Short-term (within 4 weeks):

Reaching out directly to customers whose clusters are generating disproportionately high data volumes to discuss workload optimization, such as using external storage backends for large security scan reports instead of storing them in the control plane database (ONGOING)

Medium-term (1–3 months):

Specification of quotas: Introducing per-tenant resource quotas and key-count limits on the shared control plane database to prevent any single cluster from impacting others

Long-term (Q2 2026 and beyond):

  • Re-architecting the shared control plane to provide stronger isolation between customer workloads, including dedicated database instances and improved vertical scaling
  • Evaluating full database sharding for customers with consistently high data volumes
  • Conducting regular operational drills focused on database resource exhaustion and recovery to improve our response time for future incidents
Posted Apr 23, 2026 - 14:10 UTC

Resolved

This incident is now marked resolved, as all affected control planes have returned to and stayed in a stable state.
A Root Cause Analysis (RCA) is underway and will be published here once finalized.
Posted Mar 17, 2026 - 17:04 UTC

Monitoring

Final changes have been applied to all afffected clusters resolving the issue.
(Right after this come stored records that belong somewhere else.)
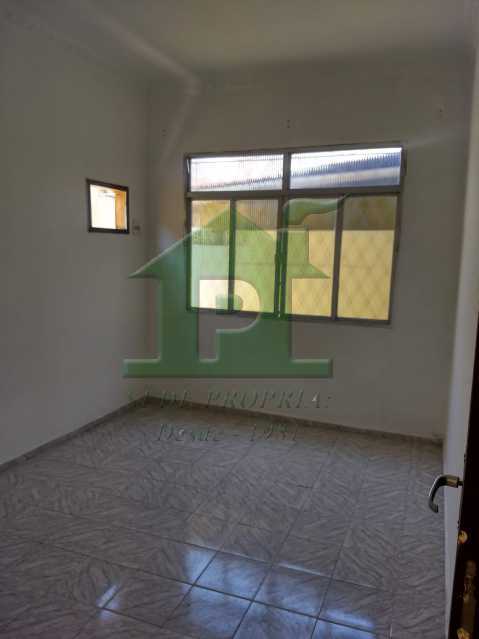 Conheça IMG_20200128_100854191_HDR do imóvel - Apartamento 2 quartos à venda Rio de Janeiro,RJ - R$ 140.000 - VLAP20298 - 6 IMG_20200128_100854191_HDR - Apartamento 2 quartos à venda Rio de Janeiro,RJ - R$ 140.000 - VLAP20298 - 6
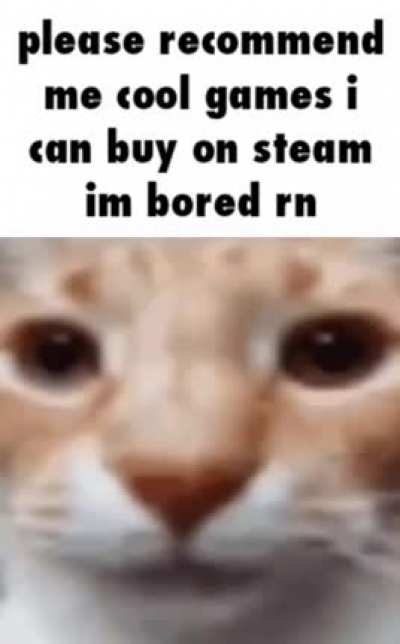 Plz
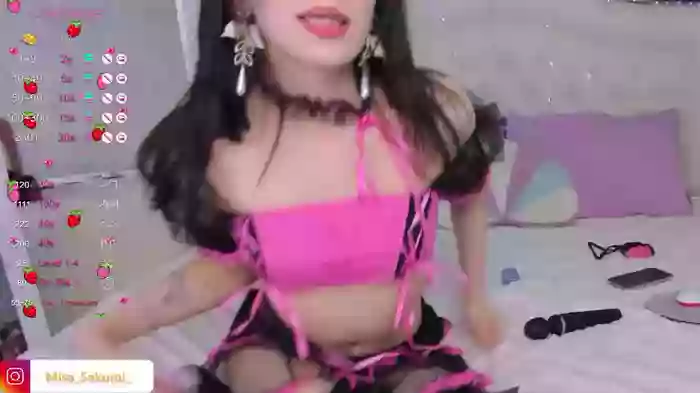 Misa_Sakurai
We are now monitoring the progress
Posted Mar 16, 2026 - 19:59 UTC

Update

Final changes have been applied to all afffected clusters resolving the issue. We are now monitoring the progress
Posted Mar 16, 2026 - 19:58 UTC

Update

The changes applied to some control plane clusters have had positive effects. The team is continuing the rollout to other affected clusters.
Posted Mar 16, 2026 - 19:34 UTC

Update

We are marking DBaaS as recovered.
Our Kubernetes Team is currently working on stabilizing the Kubernetes Control Plane. We are focusing on mitigating recurring load spikes influencing stability.
Posted Mar 16, 2026 - 13:56 UTC

Update

We are marking the Container Registry Service as recovered.
Posted Mar 16, 2026 - 12:57 UTC

Update

We are closing the incident for the AI Model Hub. All metrics have recovered and the service should be up and running again normally.
Posted Mar 16, 2026 - 12:22 UTC

Update

We are adding the Container Registry as an affected Service. Customers may currently experience issues pulling and pushing images from the Registry.
Posted Mar 16, 2026 - 11:57 UTC

Update

Our Kubernetes Team has deployed a fix for the affected AI Model Hub Database Services. We currently see metrics improving and monitoring the situation closely.
Posted Mar 16, 2026 - 11:37 UTC

Update

We are expanding the scope of this incident to include DBaaS and AI Model Hub. We have observed an increased error count originating from PostgresDB on Kubernetes. Additionally, to improve transparency, the previously reported separate incident regarding the AI Model Hub (https://status.ionos.cloud/incidents/rmgs845klm32) is being merged into this primary incident.
Posted Mar 16, 2026 - 11:05 UTC

Identified

The team has identified the root cause as a resource constraint within the etcd database. Mitigation efforts are currently underway.
Posted Mar 16, 2026 - 10:04 UTC

Investigating

Some customers may experience connection problems to the control plane and degraded functionality of kubernetes.
Our teams are investigating and working on a resolution.
Posted Mar 16, 2026 - 08:24 UTC
This incident affected: Global Services (Database as a Service (DBaaS), AI Model Hub, Container Registry) and Location DE/FRA (Managed Kubernetes).